[Dataset records]
____

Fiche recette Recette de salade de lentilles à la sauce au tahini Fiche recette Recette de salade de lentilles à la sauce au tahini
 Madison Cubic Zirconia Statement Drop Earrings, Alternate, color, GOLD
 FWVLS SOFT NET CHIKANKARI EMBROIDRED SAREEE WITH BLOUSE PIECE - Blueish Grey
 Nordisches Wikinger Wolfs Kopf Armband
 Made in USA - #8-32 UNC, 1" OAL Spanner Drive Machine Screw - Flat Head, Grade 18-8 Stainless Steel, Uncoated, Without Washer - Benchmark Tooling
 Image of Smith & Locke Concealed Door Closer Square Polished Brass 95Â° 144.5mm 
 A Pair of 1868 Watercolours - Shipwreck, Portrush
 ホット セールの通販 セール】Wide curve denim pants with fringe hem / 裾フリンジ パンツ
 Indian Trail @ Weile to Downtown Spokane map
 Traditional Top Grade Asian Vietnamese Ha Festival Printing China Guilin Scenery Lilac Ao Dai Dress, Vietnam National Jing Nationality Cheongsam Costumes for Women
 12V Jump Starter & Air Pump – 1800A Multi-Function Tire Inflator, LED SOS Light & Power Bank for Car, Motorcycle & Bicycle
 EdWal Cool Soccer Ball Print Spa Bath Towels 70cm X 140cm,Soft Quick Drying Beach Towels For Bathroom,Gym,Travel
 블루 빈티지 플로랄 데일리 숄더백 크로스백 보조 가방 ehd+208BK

____

[Problem requirements] Each entry above should be restated exactly as supplied.

[Your solution]
Fiche recette Recette de salade de lentilles à la sauce au tahini Fiche recette Recette de salade de lentilles à la sauce au tahini
 Madison Cubic Zirconia Statement Drop Earrings, Alternate, color, GOLD
 FWVLS SOFT NET CHIKANKARI EMBROIDRED SAREEE WITH BLOUSE PIECE - Blueish Grey
 Nordisches Wikinger Wolfs Kopf Armband
 Made in USA - #8-32 UNC, 1" OAL Spanner Drive Machine Screw - Flat Head, Grade 18-8 Stainless Steel, Uncoated, Without Washer - Benchmark Tooling
 Image of Smith & Locke Concealed Door Closer Square Polished Brass 95Â° 144.5mm 
 A Pair of 1868 Watercolours - Shipwreck, Portrush
 ホット セールの通販 セール】Wide curve denim pants with fringe hem / 裾フリンジ パンツ
 Indian Trail @ Weile to Downtown Spokane map
 Traditional Top Grade Asian Vietnamese Ha Festival Printing China Guilin Scenery Lilac Ao Dai Dress, Vietnam National Jing Nationality Cheongsam Costumes for Women
 12V Jump Starter & Air Pump – 1800A Multi-Function Tire Inflator, LED SOS Light & Power Bank for Car, Motorcycle & Bicycle
 EdWal Cool Soccer Ball Print Spa Bath Towels 70cm X 140cm,Soft Quick Drying Beach Towels For Bathroom,Gym,Travel
 블루 빈티지 플로랄 데일리 숄더백 크로스백 보조 가방 ehd+208BK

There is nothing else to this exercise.